IN the aftermath of the shock announcement of the establishment of relations between Israel and the UAE, there is feverish speculation about which Arab/Muslim country will be next to forge ties with the Zionist state.
Beyond the realm of conjecture, none other than the president of the US has confirmed that this process has begun, and it is a matter of when, not if. The US “believes that more Arab and Muslim countries will follow” the UAE’s lead, reads a White House statement.
Bahrain is believed to be next in line, while Jared Kushner, Donald Trump’s son-in-law and his Middle East emissary, told American media that “it is an inevitability that Saudi Arabia and Israel will have fully normalised relations. ...” However, Riyadh itself has, till now, kept silent on Abu Dhabi’s latest move.
For Pakistan, the million-dollar question remains how to react to these fast-changing geopolitical realities, especially if most of our Arab brothers decide to cast their lot with Israel. The Foreign Office’s reaction to the UAE-Israel deal has been described as ambiguous. This is to be expected, for the Emiratis are close partners of this country, politically and economically.
The FO has said the deal will have “far-reaching” implications, though it reiterated that this country’s approach will be guided by how the “Palestinians’ rights and aspirations are upheld”. Observers were quick to point out that the language of the statement was vague, as Pakistan had always demanded Israel withdraw to the pre-1967 borders, and that Al Quds be the Palestinian capital.

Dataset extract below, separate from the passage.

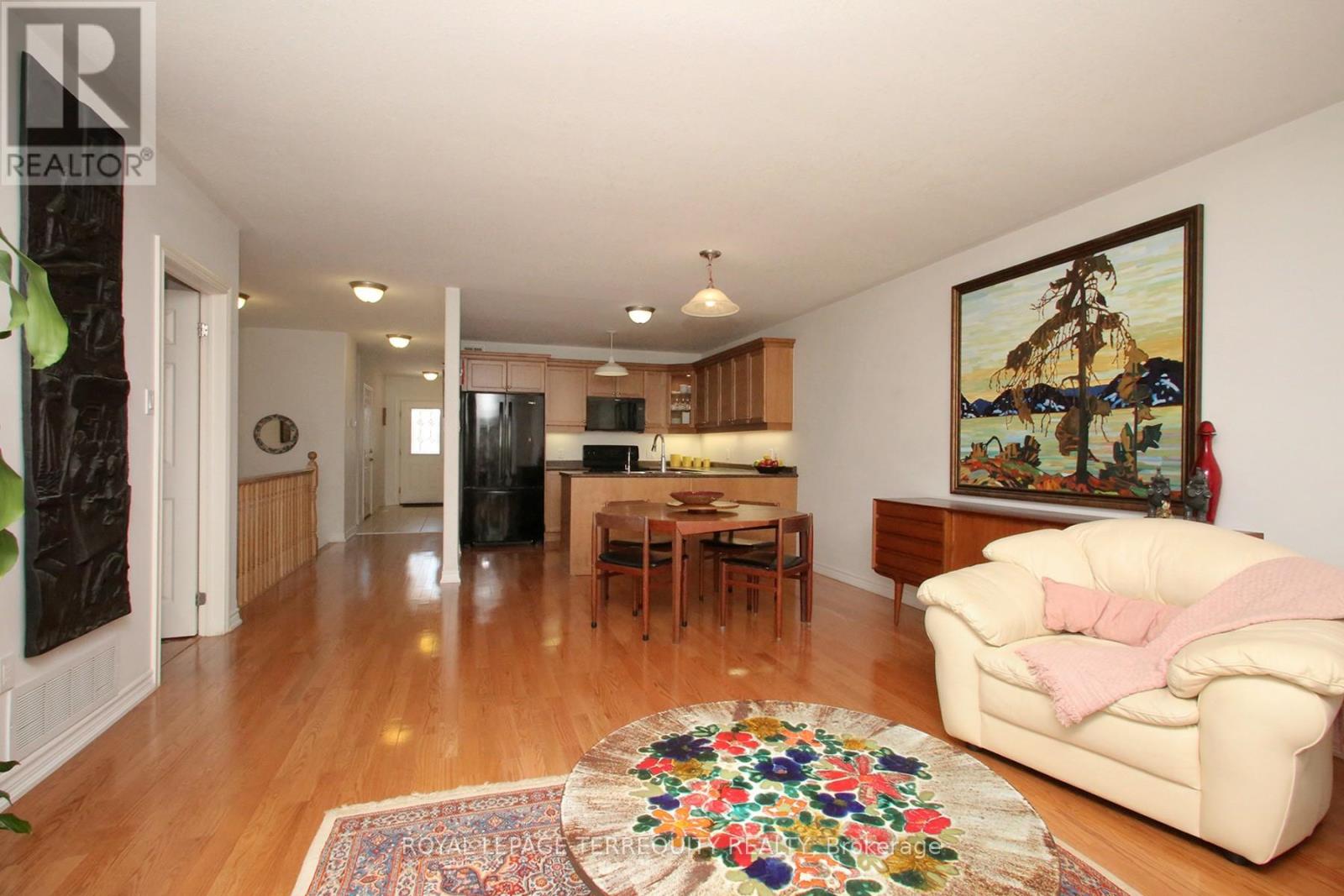 69 - 123 Village Crescent, Peterborough, Ontario  K9J 0A9 - Photo 4 - X12980014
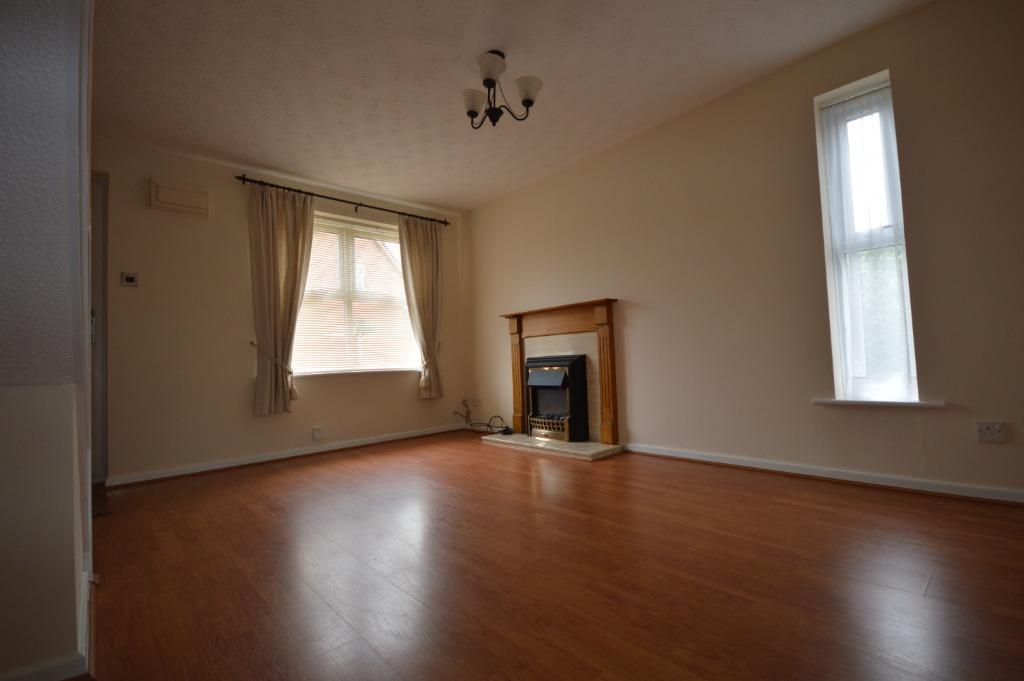 Lambourn Drive, Coppenhall, Crewe, CW1 2 bed semidetached house £675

Beyond generalities, the time is not far when Pakistan will have to take a firm stand on this issue, and if more Gulf Arabs decide to recognise Israel, there will be tremendous pressure on this country from our ‘friends’ in Washington and the Gulf to follow suit.
During the Musharraf era, the idea of establishing ties with Israel was floated, with the then foreign minister meeting his Israeli counterpart in 2005. However, those plans were quickly shelved when the general sensed the public mood here was not ready to accept ties with Tel Aviv.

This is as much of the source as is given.